Munger hit upon his learning strategy when he was a young lawyer. He decided that whenever his legal work was not as intellectually stimulating as he’d like, he would “sell the best hour of the day to himself.”

He would take otherwise billable time and dedicate it to his own thinking and learning. “And only after improving my mind – only after I’d used my best hour improving myself – would I sell my time to my professional clients,” he says.

“In my whole life, I have known no wise people who didn’t read all the time – none, zero,” he writes in his book, Poor Charlie’s Almanack: The Wit and Wisdom of Charles T Munger.

“You’d be amazed at how much Warren reads – at how much I read. My children laugh at me. They think I’m a book with a couple of legs sticking out.”

Turn employees into learning machines

Before you begin to try to instil an understanding of and love for learning, you need to instil the idea that your staff members are accountable for their own futures, for their successes and failures and those of the business they work in.

Once you’ve succeeded in getting your employees to start thinking about their goals and what they need to do to achieve those goals, you can help them progress in a number of ways:

1. Take the initiative.

Lead by example, talk to your employees about your own approach to self-directed learning, and share experiences that show how easy it can be to apply.

2. Identify their learning needs.

If you don’t already have a performance management system, you need to implement one. It will provide a baseline that shows your staff what is expected of them and where there may be gaps in their knowledge or skills.

3. Formulating learning goals. 

It‘s important that you show your staff the benefits of personal growth, perhaps through incentive programmes or career development opportunities.

4. Evaluating learning outcomes.

As part of your regular interactions with staff, ask them to outline something new that they have learnt every day, week or month.

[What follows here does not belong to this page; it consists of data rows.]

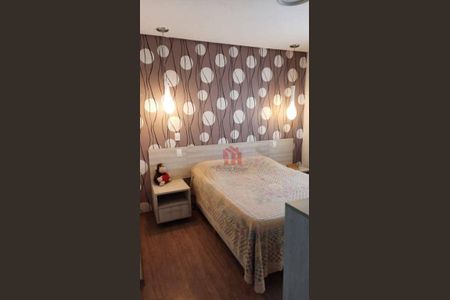 3_photo/94ce021797.a2b8bb1c7a494cee-ATLAS-4b11cfb1-db06-4492-9f0b-7ff9d99db2d6.jpg de apartamento à venda com 2 quartos, 111m² em cond porto cidade, Santos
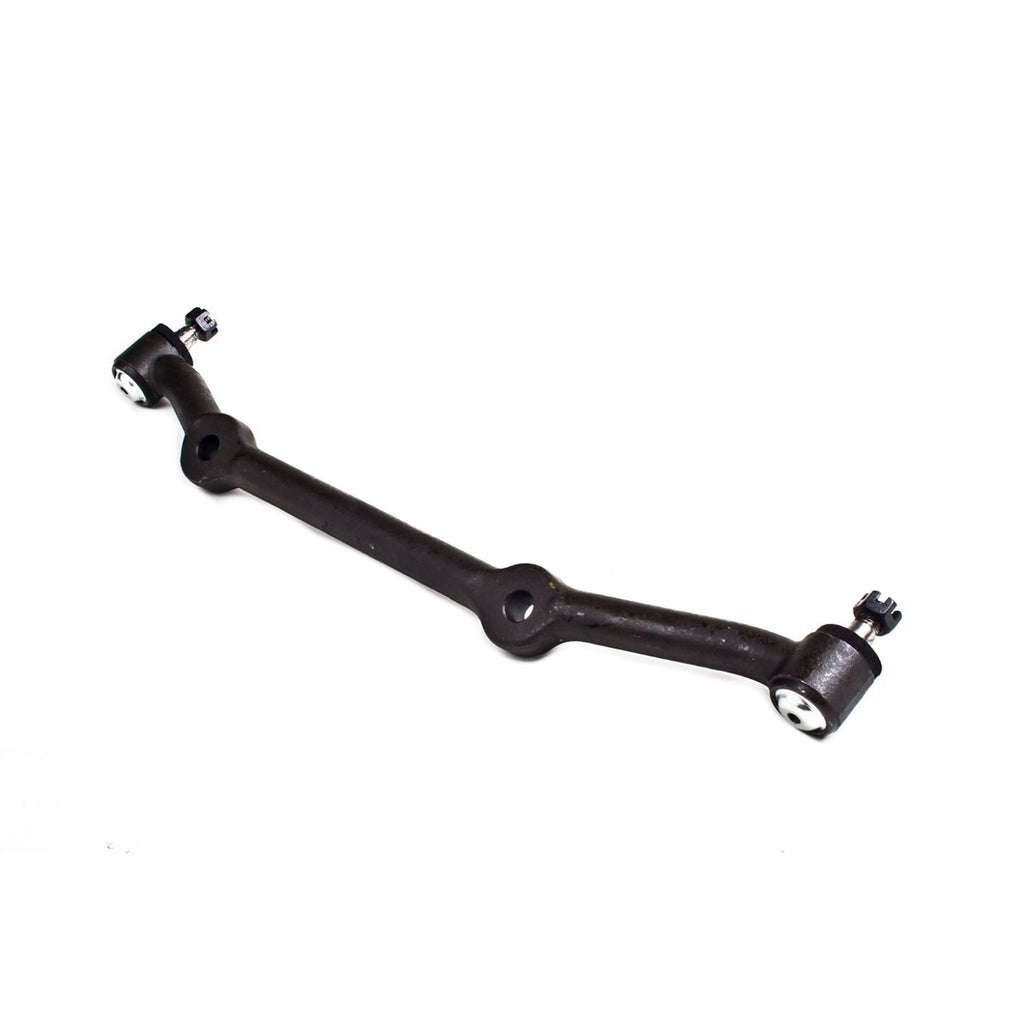 Varilla TS DS1049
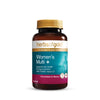 Herbs of Gold Women's Multi+ (30 Tablets)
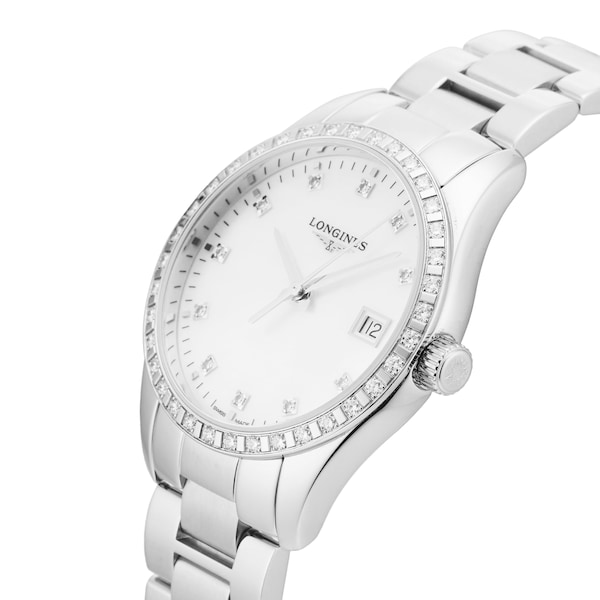 Go to product image 2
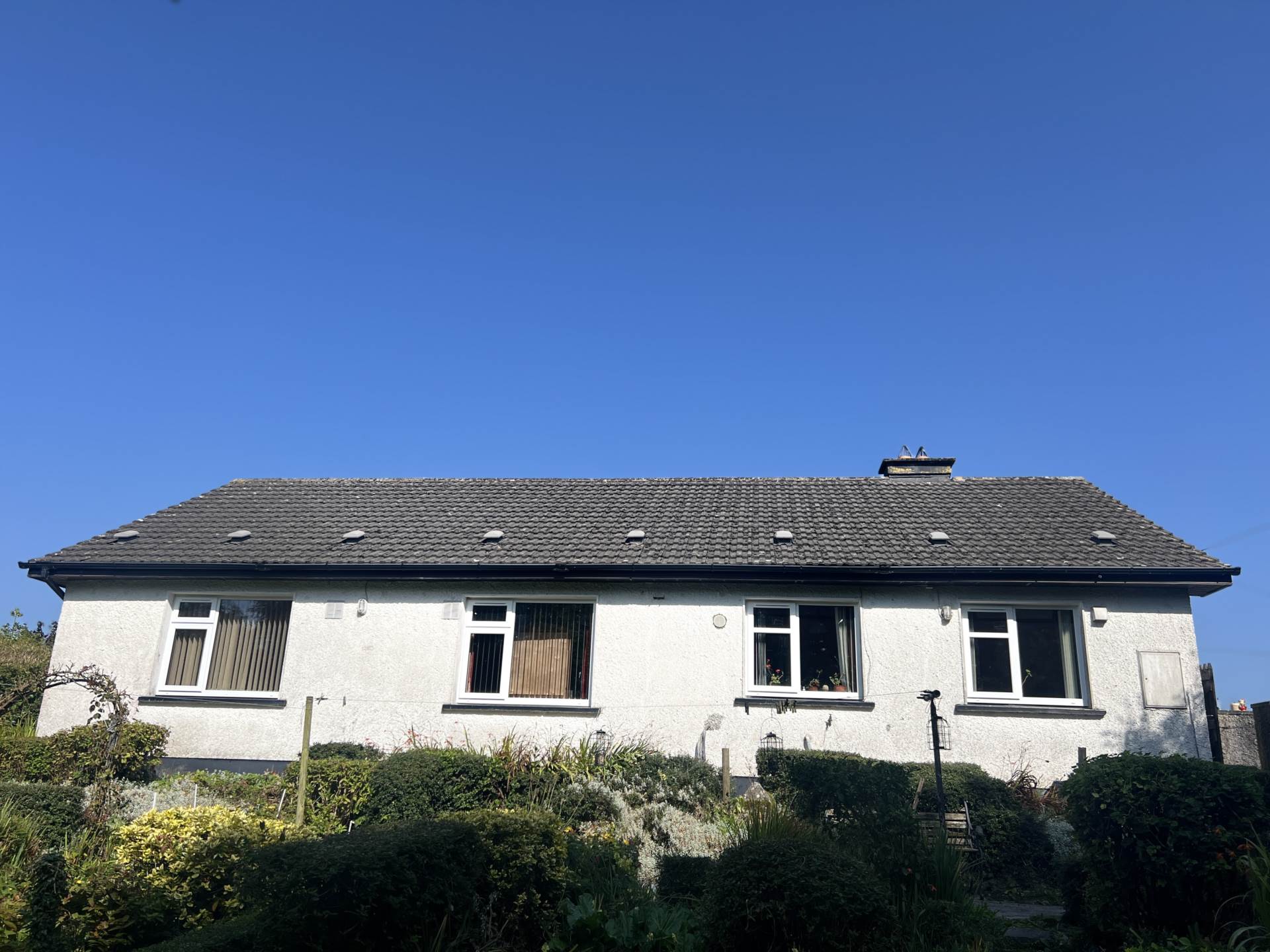 Holycross, Rathkeale, V94 KXE9  Holycross, Rathkeale, V94 KXE9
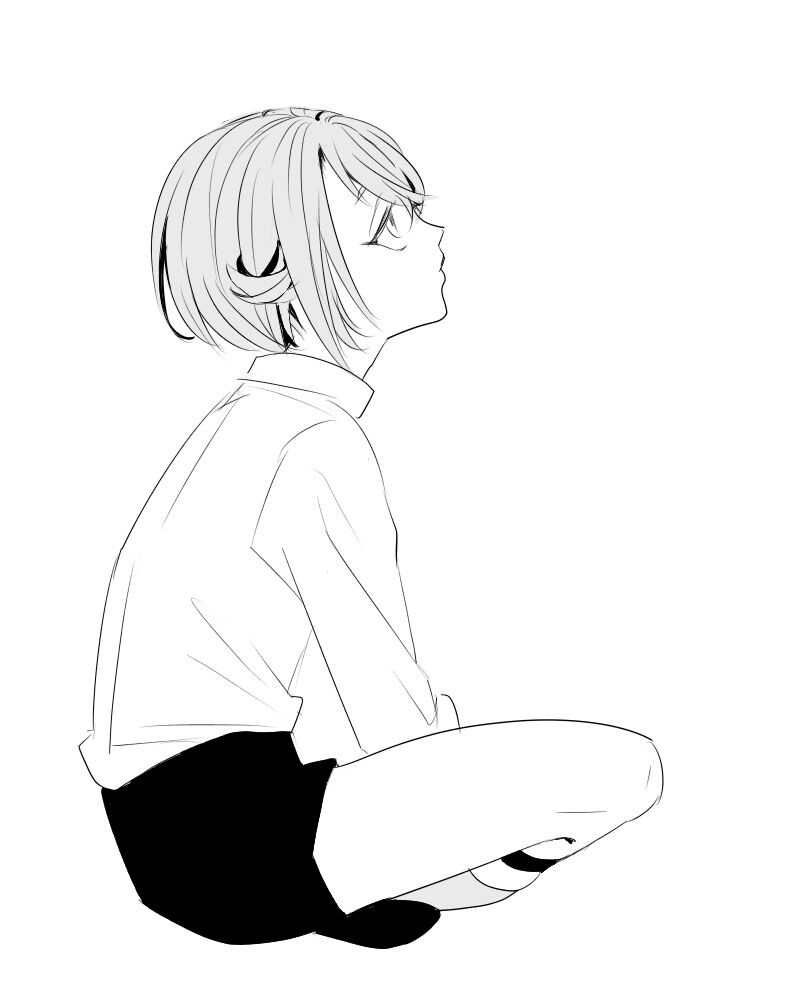 刀剣乱舞 本日の蛍丸イラスト 来派 とある審神者 とうらぶ速報 刀剣乱舞まとめブログ 刀剣乱舞 本日の蛍丸イラスト 来派 とある審神者 とうらぶ速報 刀剣乱舞まとめブログ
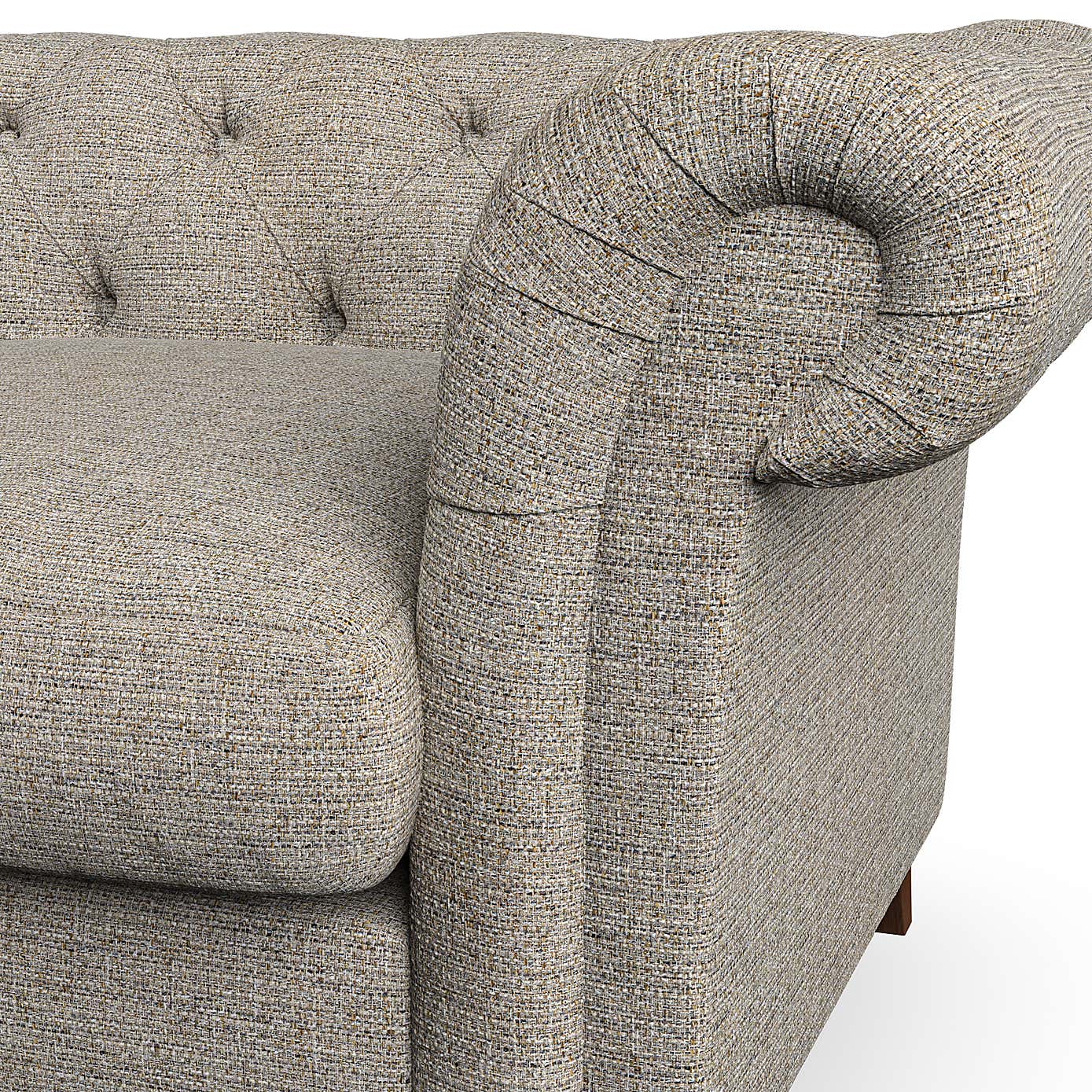 Pimlico Large 2 Seater Sofa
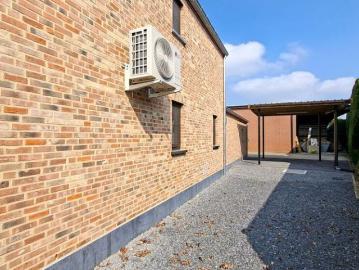 Woning te huur in Peer voor € 1.290 met 3 slaapkamers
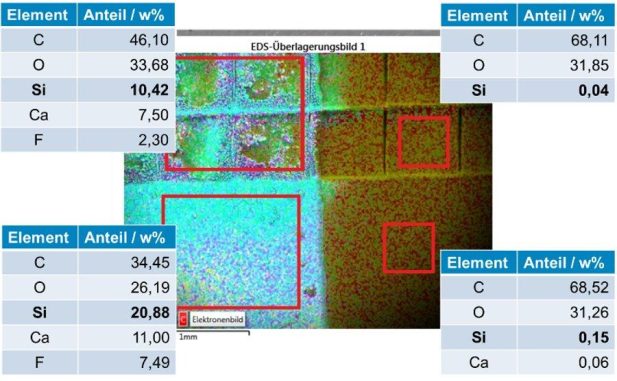 1761497422-1561626_1280x1024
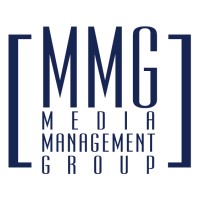 Media Management Group, LLC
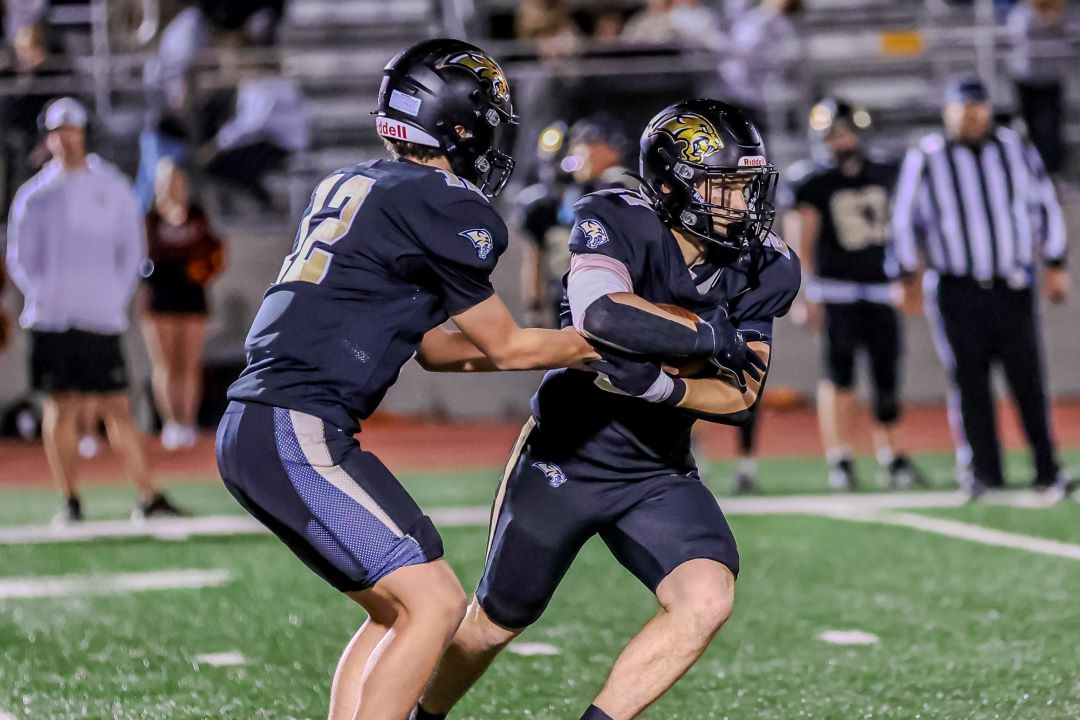 Game photo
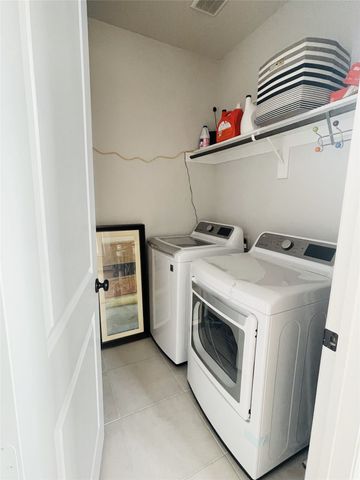 305 Cypress Hill Drive, Little Elm, TX 75068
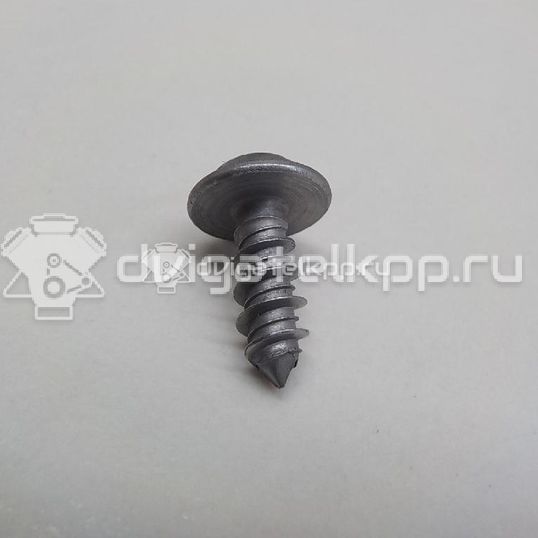 Фото Винт  n90925202 для audi A4 [B8]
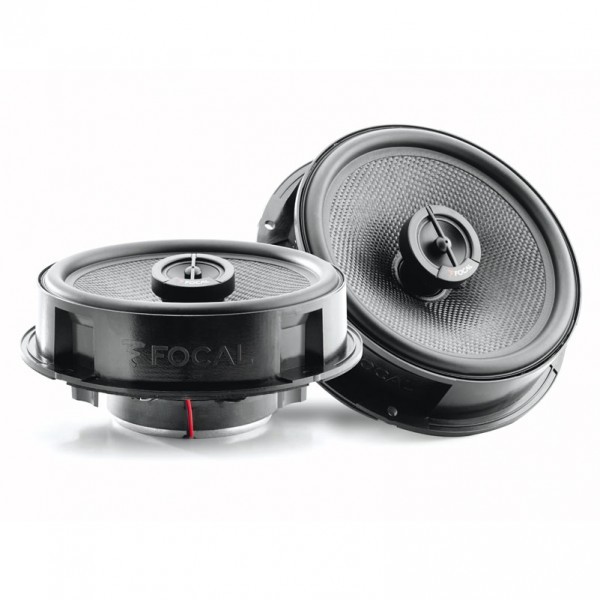 Focal IC165VW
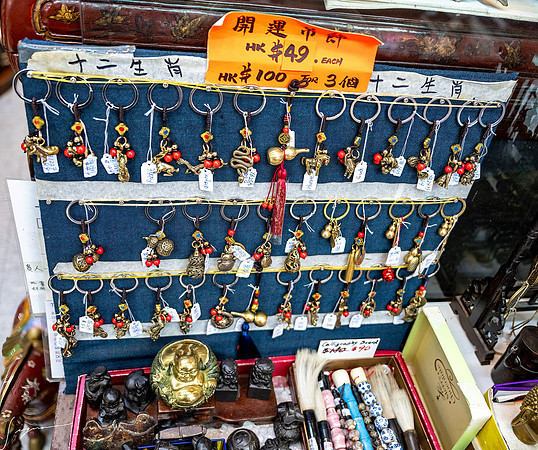 20250216HongKong_0298-Edit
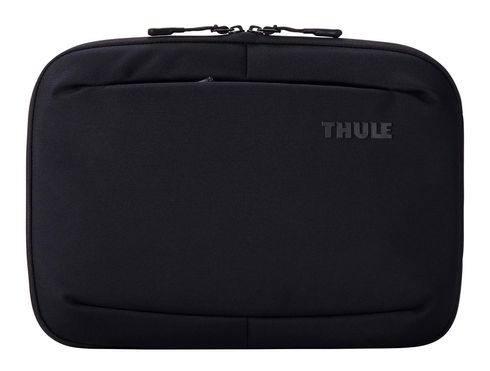 THULE Subterra 2 13" Laptop Sleeve S Black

Encourage them to reflect on when, where and how they learnt. Through this evaluation, you will begin to see trends in their self-directed learning and they will be motivated by what they now see as an environment rich with learning opportunities.

Usually, people stay narrowly focused on doing the work, rather than on learning what’s needed to improve the work. Top executives today understand that lifelong learning creates extraordinary value for their people, and their organisations.